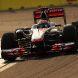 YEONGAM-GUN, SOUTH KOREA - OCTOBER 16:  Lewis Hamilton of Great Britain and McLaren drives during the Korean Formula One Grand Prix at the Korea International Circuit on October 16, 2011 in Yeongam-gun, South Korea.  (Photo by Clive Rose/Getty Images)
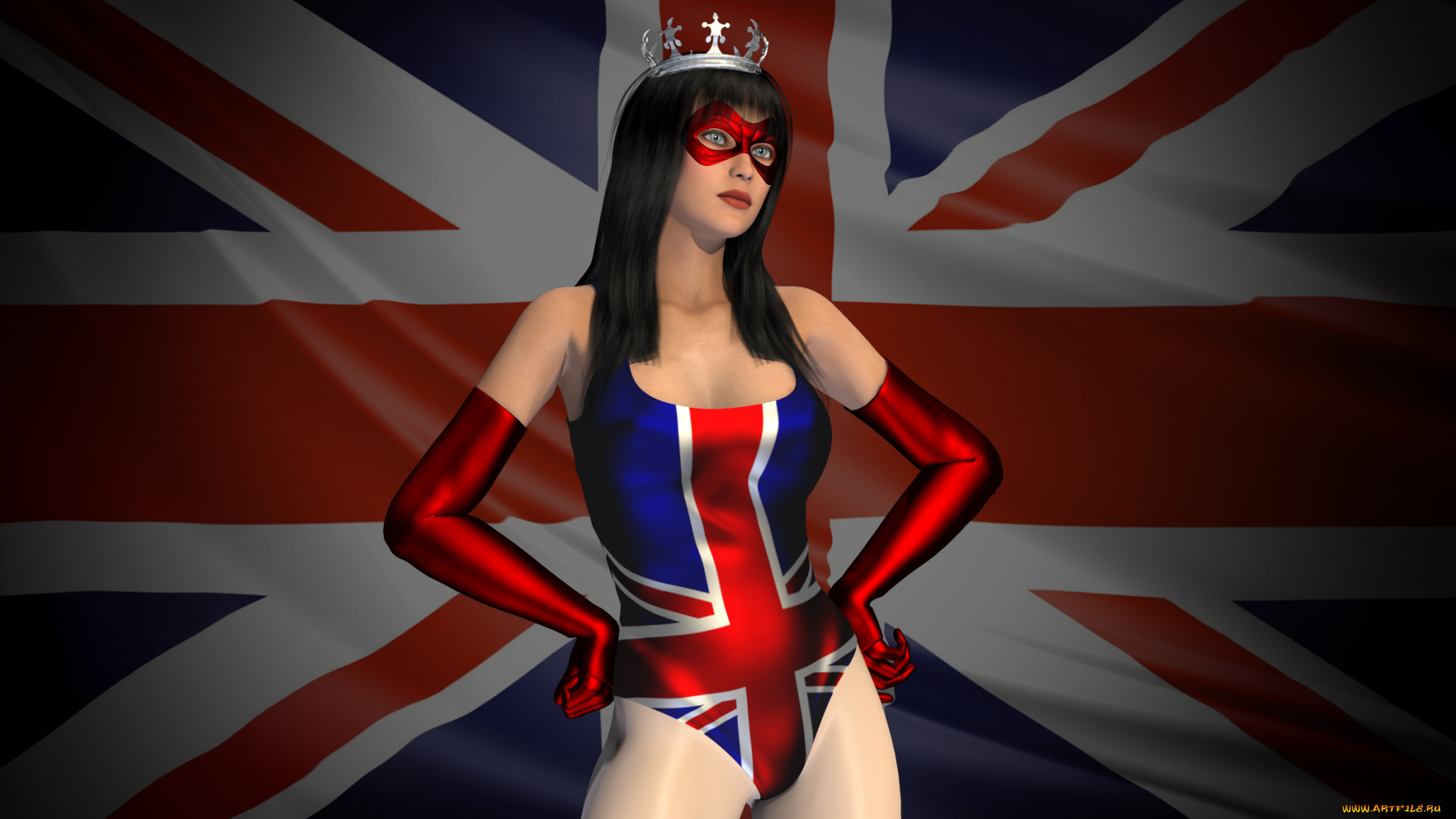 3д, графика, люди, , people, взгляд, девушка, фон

========================

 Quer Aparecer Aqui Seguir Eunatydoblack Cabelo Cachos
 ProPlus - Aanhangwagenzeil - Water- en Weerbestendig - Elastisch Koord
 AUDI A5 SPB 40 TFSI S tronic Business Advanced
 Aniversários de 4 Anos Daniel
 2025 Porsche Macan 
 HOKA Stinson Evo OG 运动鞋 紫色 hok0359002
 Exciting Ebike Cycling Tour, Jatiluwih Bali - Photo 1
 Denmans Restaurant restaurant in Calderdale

========================

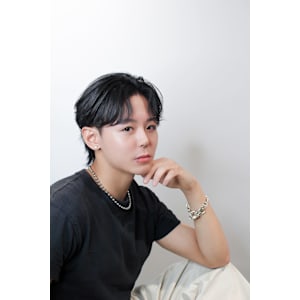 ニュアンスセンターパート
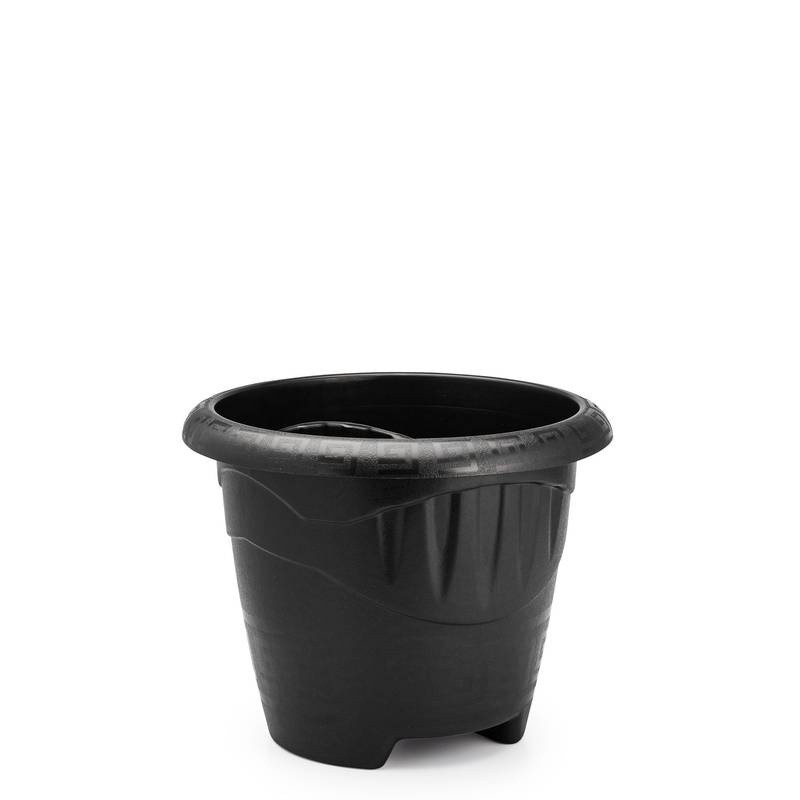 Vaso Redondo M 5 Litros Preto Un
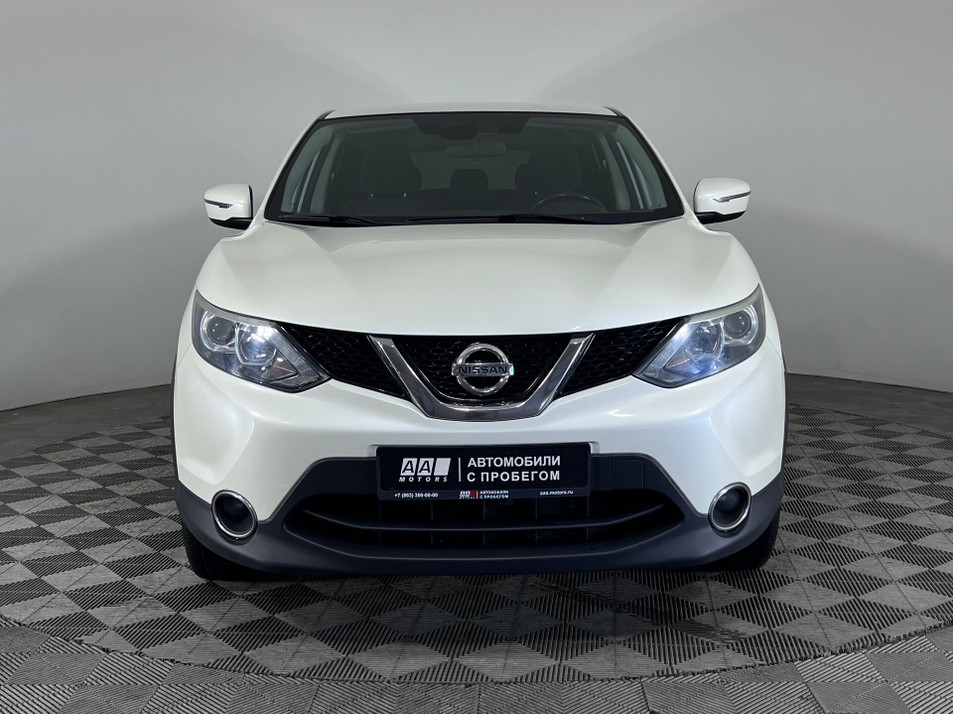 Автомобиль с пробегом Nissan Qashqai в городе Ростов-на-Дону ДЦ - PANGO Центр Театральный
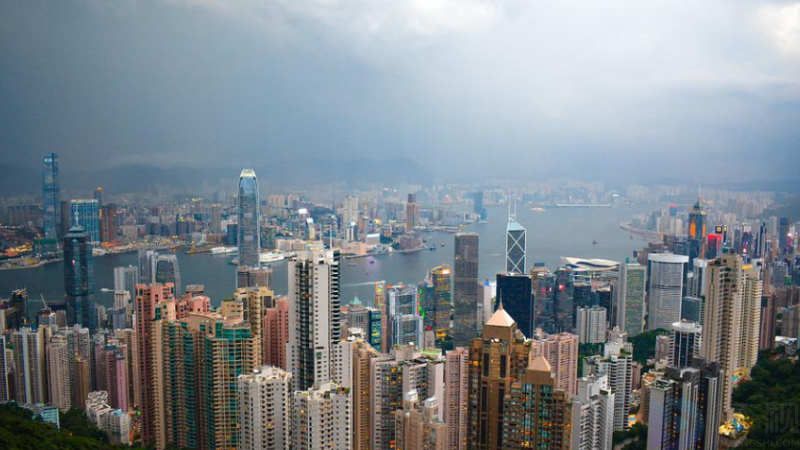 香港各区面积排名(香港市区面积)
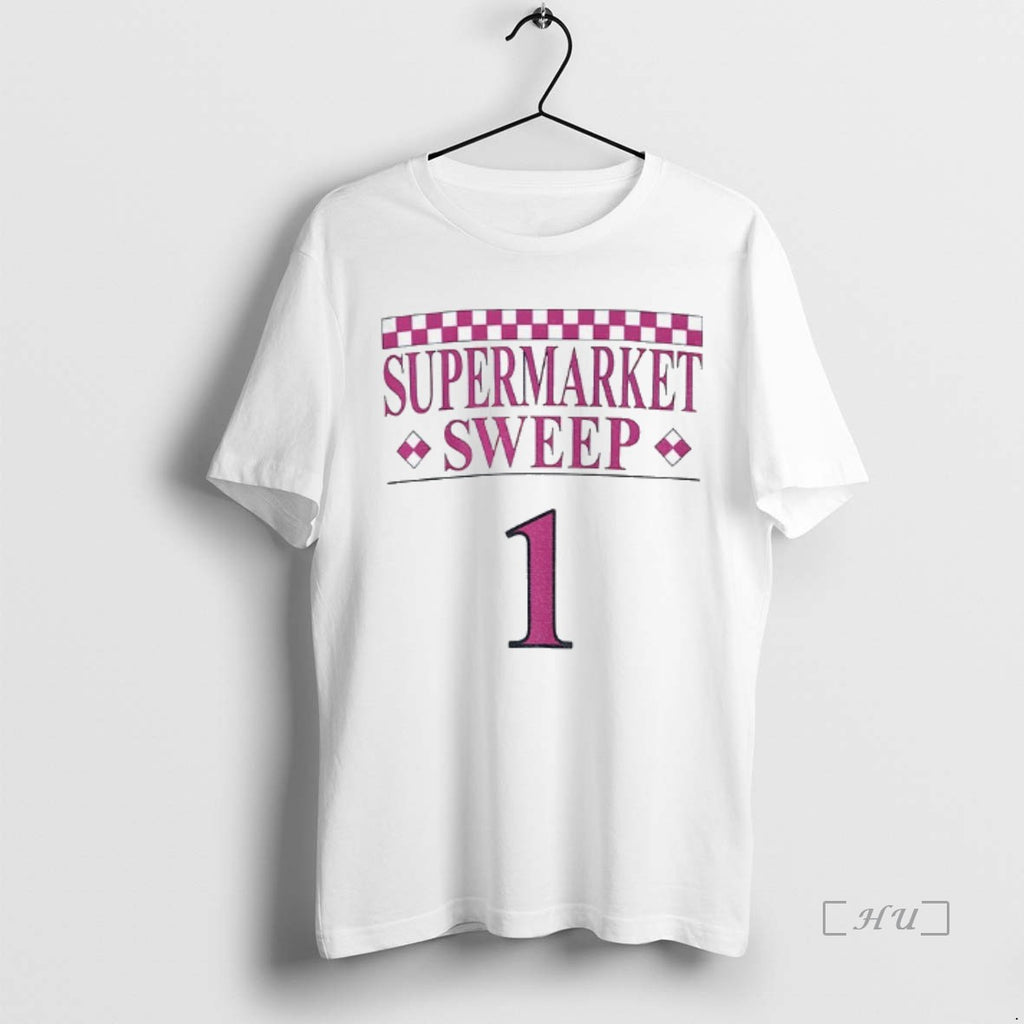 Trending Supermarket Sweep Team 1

========================

Going by the data above, the answer is exactly the lines from the one holding "YEONGAM-GUN, SOUTH KOREA - OCTOBER" to the one holding "3д, графика, люди, , people, взгляд, девушка, фон", both kept, with the pictures left out.

**SOLUTION BELOW**
 YEONGAM-GUN, SOUTH KOREA - OCTOBER 16:  Lewis Hamilton of Great Britain and McLaren drives during the Korean Formula One Grand Prix at the Korea International Circuit on October 16, 2011 in Yeongam-gun, South Korea.  (Photo by Clive Rose/Getty Images)
 3д, графика, люди, , people, взгляд, девушка, фон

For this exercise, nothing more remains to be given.